Valdastre continued to do the only thing she could do. Figure the chances for escape. But there was no plan she could come up with. The cage-wagons were certainly not inescapable. They were not even locked, just held by crude hasps with a short wooden stake thrust through them. She could reach out and open the cage right now if there weren’t half a dozen beasts ready to maul her arm off the minute she put it through the bars. And if she did get out, what then? They were hopelessly outnumbered. There were three brunettes, somewhat battle-capable but not trained warriors, against more than ten times that number of brutes. And there were blondes to be protected at the same time. It just wasn’t possible.
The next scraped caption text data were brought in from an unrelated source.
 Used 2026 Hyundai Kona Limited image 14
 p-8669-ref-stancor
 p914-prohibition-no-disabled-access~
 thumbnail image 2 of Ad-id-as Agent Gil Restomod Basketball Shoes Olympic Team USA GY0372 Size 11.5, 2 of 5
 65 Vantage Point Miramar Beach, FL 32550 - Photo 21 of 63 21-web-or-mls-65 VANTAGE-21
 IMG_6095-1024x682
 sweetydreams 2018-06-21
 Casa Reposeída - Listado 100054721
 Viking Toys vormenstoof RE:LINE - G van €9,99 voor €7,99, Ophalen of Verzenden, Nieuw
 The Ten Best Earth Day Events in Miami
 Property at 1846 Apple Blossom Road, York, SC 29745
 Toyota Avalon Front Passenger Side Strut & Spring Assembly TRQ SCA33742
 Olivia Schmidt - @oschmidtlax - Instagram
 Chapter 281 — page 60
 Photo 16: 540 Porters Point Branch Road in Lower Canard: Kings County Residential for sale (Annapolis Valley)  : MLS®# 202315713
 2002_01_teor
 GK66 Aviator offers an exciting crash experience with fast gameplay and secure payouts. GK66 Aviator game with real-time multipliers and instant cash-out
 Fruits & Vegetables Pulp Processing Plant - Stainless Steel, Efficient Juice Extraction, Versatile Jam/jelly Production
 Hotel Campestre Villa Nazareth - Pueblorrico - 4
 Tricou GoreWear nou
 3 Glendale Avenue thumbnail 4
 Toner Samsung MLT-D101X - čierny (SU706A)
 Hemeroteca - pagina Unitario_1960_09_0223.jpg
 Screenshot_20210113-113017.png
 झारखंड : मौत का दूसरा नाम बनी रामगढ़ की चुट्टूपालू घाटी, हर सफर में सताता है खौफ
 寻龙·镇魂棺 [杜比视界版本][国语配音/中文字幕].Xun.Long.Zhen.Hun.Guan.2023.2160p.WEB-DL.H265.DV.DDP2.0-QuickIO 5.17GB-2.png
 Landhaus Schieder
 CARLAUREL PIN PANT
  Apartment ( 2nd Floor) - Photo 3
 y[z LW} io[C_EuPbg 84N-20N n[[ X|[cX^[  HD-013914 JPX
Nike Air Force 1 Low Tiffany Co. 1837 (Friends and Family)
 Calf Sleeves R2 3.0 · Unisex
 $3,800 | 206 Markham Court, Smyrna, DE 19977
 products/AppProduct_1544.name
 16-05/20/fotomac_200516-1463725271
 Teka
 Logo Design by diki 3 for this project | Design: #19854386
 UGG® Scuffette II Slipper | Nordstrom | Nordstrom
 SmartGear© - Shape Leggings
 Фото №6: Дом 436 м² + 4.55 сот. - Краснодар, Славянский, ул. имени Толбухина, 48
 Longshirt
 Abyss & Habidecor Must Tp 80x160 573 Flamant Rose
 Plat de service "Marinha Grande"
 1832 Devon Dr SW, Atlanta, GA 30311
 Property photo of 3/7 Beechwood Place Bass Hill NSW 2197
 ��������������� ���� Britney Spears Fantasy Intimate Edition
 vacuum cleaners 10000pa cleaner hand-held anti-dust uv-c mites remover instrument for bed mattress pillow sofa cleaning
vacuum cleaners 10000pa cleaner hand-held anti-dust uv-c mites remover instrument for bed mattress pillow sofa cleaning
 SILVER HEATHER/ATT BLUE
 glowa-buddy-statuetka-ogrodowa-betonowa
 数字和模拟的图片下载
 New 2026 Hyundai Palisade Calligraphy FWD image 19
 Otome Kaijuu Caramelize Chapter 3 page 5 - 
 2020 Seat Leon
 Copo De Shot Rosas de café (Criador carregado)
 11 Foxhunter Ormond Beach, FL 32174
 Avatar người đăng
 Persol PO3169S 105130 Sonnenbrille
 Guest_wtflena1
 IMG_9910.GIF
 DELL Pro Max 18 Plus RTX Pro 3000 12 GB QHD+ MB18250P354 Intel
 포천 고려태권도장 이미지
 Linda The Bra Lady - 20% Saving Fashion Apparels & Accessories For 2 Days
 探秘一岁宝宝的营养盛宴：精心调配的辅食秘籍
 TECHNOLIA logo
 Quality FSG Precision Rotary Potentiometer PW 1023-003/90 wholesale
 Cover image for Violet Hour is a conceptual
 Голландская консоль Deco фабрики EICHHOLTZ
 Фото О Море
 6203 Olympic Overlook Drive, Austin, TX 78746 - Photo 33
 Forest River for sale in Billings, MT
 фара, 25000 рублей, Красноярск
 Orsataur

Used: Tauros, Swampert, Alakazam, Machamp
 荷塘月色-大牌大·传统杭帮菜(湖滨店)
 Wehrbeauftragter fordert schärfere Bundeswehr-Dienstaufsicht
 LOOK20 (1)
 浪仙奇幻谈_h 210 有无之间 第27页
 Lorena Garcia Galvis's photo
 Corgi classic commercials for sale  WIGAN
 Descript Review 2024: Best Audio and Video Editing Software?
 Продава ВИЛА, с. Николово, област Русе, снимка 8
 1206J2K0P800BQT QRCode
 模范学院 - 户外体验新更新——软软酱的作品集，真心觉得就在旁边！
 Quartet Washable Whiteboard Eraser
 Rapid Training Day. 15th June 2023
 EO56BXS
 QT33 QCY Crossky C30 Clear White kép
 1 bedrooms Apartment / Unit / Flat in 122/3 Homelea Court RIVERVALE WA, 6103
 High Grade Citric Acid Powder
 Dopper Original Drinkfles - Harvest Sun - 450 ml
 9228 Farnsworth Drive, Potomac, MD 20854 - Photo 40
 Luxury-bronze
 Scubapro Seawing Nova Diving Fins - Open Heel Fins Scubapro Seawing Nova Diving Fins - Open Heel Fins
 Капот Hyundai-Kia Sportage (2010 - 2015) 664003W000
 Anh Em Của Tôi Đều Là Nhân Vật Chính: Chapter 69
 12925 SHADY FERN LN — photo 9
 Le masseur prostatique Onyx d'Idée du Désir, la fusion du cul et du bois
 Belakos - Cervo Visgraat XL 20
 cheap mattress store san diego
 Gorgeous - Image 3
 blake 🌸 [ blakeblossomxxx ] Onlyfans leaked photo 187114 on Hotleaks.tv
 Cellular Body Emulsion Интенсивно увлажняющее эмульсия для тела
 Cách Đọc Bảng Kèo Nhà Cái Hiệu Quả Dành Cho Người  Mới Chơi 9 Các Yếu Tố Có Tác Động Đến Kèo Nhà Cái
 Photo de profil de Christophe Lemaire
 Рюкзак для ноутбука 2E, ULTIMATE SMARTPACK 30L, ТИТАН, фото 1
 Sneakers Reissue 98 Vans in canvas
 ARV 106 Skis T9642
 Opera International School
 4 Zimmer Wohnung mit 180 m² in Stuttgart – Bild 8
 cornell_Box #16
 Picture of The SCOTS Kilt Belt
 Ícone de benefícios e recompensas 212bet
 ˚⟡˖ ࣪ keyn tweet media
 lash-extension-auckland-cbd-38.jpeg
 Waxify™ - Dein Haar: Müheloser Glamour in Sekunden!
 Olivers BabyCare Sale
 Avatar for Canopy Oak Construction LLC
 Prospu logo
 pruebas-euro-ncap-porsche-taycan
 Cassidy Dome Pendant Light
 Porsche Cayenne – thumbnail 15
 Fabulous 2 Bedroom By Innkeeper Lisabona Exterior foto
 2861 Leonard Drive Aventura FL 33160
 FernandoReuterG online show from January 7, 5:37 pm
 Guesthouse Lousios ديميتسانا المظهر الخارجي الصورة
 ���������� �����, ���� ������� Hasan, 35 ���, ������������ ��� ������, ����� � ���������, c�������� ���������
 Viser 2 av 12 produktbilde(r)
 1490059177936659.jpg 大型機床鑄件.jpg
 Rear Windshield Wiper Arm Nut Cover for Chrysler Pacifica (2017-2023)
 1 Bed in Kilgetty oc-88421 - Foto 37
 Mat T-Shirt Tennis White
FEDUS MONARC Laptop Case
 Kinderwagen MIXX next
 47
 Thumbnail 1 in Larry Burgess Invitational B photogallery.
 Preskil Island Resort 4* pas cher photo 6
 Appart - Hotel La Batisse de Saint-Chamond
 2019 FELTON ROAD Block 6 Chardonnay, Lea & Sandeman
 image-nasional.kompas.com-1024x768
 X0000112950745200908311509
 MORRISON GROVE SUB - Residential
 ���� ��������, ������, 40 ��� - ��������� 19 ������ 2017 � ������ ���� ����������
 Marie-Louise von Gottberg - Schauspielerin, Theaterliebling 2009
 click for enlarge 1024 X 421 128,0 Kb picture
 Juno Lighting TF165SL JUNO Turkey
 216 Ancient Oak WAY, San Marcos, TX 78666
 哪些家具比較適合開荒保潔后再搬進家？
And yet, if they were going, as seemed likely, to a demon camp, the odds were probably a lot better now than they were going to get. Maybe getting themselves—and the blondes—killed out here was the best thing they could hope for. The other two brunettes, one injured on the floor of the cage, but ready to try to fight if need be, and one from the other cage, looked to her for leadership. Valdastre squeezed her hands together, closed her eyes, and prayed to Dea for help or guidance.
And it came.
There was a sound, like a dull thud but loud—unbelievably loud. The wagon stopped rolling. There were hoarse shouts and cries. Valdastre opened her eyes and the beasts ahead of her were in disarray. A few were lying on the ground; others were running. The noise came again—this time from behind the wagons. Dust and debris flew high into the air, and demons went sprawling to the roadside. What was this? An angel from heaven intervening in earthly affairs?
Valdastre looked up into the heavens, and she saw the angel. It was like a huge white dove—partly a dove, partly human, and partly like a translucent spirit. It spread its great wings and glided down toward them, and from it dropped another white bird, smaller and somewhat less aethyrial. It was a white crane. The crane dropped to the ground, where it seemed to become a girl—a very small girl with red hair and a red uniform of some sort, yet her stance and manner was still that of the crane. For a moment she looked like a crane standing in the water, seeing nothing and unperturbed by earthly events, but at once she was tearing into the demons, throwing them, leaping, kicking, striking. More explosions came, raising sudden earth-storms of dirt, rock, and scattered demons.
Valdastre reached through the bars and opened the cage with the rapid movement that she had been rehearsing over and over in her mind for the past twenty minutes. The brunette in the other cage did the same thing. A demon turned toward Valdastre, and she delivered a spear-hand thrust to its face. It was the only fighting move she knew. She moved toward the crane-girl. She saw that she was very small indeed—no older than Sarai-cheri, and she looked—in some inexplicable way—as if she had been drawn with a brush on paper, with firm, clear outlines.
“You don’t need to help me,” said Trilla. “Just get those blondes clear.”
Valdastre had her orders now. She took command of her party. “Protect the blondes and follow me,” she shouted to the other brunettes.
Five demons rushed at Trilla at once, forcing her in toward the mountainside.
“They aren’t quite as stupid as they look,” said Goldenhead. “They are pushing Trilla-chei in under this side of the pass, where I can’t get a shot at them. I don’t know if she can fight that many at once. Can you fly me down over them?”
“Of course,” said Hermya. “Take my hand.”